It's ten o'clock. Do you know where your logs are?
I'm introducing this guide with a pun on a common public-service announcement that has run on late-night TV news broadcasts in the United States because log analysis is something that is extremely newsworthy and important.
If your technical and on-page SEO is poor, then nothing else that you do will matter. Technical SEO is the key to helping search engines to crawl, parse, and index websites, and thereby rank them appropriately long before any marketing work begins.
The important thing to remember: Your log files contain the only data that is 100% accurate in terms of how search engines are crawling your website. By helping Google to do its job, you will set the stage for your future SEO work and make your job easier. Log analysis is one facet of technical SEO, and correcting the problems found in your logs will help to lead to higher rankings, more traffic, and more conversions and sales.
Here are just a few reasons why:
- Too many response code errors may cause Google to reduce its crawling of your website and perhaps even your rankings.
- You want to make sure that search engines are crawling everything, new and old, that you want to appear and rank in the SERPs (and nothing else).
- It's crucial to ensure that all URL redirections will pass along any incoming "link juice."
However, log analysis is something that is unfortunately discussed all too rarely in SEO circles. So, here, I wanted to give the Moz community an introductory guide to log analytics that I hope will help. If you have any questions, feel free to ask in the comments!
What is a log file?
Computer servers, operating systems, network devices, and computer applications automatically generate something called a log entry whenever they perform an action. In a SEO and digital marketing context, one type of action is whenever a page is requested by a visiting bot or human.
Server log entries are specifically programmed to be output in the Common Log Format of the W3C consortium. Here is one example from Wikipedia with my accompanying explanations:
127.0.0.1 user-identifier frank [10/Oct/2000:13:55:36 -0700] "GET /apache_pb.gif HTTP/1.0" 200 2326
- 127.0.0.1 -- The remote hostname. An IP address is shown, like in this example, whenever the DNS hostname is not available or DNSLookup is turned off.
- user-identifier -- The remote logname / RFC 1413 identity of the user. (It's not that important.)
- frank -- The user ID of the person requesting the page. Based on what I see in my Moz profile, Moz's log entries would probably show either "SamuelScott" or "392388" whenever I visit a page after having logged in.
- [10/Oct/2000:13:55:36 -0700] -- The date, time, and timezone of the action in question in strftime format.
- GET /apache_pb.gif HTTP/1.0 -- "GET" is one of the two commands (the other is "POST") that can be performed. "GET" fetches a URL while "POST" is submitting something (such as a forum comment). The second part is the URL that is being accessed, and the last part is the version of HTTP that is being accessed.
- 200 -- The status code of the document that was returned.
- 2326 -- The size, in bytes, of the document that was returned.
Note: A hyphen is shown in a field when that information is unavailable.
Every single time that you -- or the Googlebot -- visit a page on a website, a line with this information is output, recorded, and stored by the server.

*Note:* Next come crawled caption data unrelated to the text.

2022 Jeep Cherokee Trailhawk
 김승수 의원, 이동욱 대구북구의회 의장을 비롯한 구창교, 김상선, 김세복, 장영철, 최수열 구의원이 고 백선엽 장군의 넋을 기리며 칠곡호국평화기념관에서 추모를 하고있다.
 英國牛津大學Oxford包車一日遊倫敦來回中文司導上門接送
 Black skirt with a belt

Log entries are generated continuously and anywhere from several to thousands can be created every second -- depending on the level of a given server, network, or application's activity. A collection of log entries is called a log file (or often in slang, "the log" or "the logs"), and it is displayed with the most-recent log entry at the bottom. Individual log files often contain a calendar day's worth of log entries.
Accessing your log files
Different types of servers store and manage their log files differently. Here are the general guides to finding and managing log data on three of the most-popular types of servers:
- Accessing Apache log files (Linux)
- Accessing NGINX log files (Linux)
- Accessing IIS log files (Windows)
What is log analysis?
Log analysis (or log analytics) is the process of going through log files to learn something from the data. Some common reasons include:
- Development and quality assurance (QA) -- Creating a program or application and checking for problematic bugs to make sure that it functions properly
- Network troubleshooting -- Responding to and fixing system errors in a network
- Customer service -- Determining what happened when a customer had a problem with a technical product
- Security issues -- Investigating incidents of hacking and other intrusions
- Compliance matters -- Gathering information in response to corporate or government policies
- Technical SEO -- This is my favorite! More on that in a bit.

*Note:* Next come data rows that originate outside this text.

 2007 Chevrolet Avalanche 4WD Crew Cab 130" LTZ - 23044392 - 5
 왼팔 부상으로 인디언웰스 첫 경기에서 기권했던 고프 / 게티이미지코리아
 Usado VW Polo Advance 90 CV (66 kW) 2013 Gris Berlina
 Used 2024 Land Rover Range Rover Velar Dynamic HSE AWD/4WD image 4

Log analysis is rarely performed regularly. Usually, people go into log files only in response to something -- a bug, a hack, a subpoena, an error, or a malfunction. It's not something that anyone wants to do on an ongoing basis.
Why? This is a screenshot of ours of just a very small part of an original (unstructured) log file:
Ouch. If a website gets 10,000 visitors who each go to ten pages per day, then the server will create a log file every day that will consist of 100,000 log entries. No one has the time to go through all of that manually.
How to do log analysis
There are three general ways to make log analysis easier in SEO or any other context:
- Do-it-yourself in Excel
- Proprietary software such as Splunk or Sumo-logic
- The ELK Stack open-source software
Tim Resnik's Moz essay from a few years ago walks you through the process of exporting a batch of log files into Excel. This is a (relatively) quick and easy way to do simple log analysis, but the downside is that one will see only a snapshot in time and not any overall trends. To obtain the best data, it's crucial to use either proprietary tools or the ELK Stack.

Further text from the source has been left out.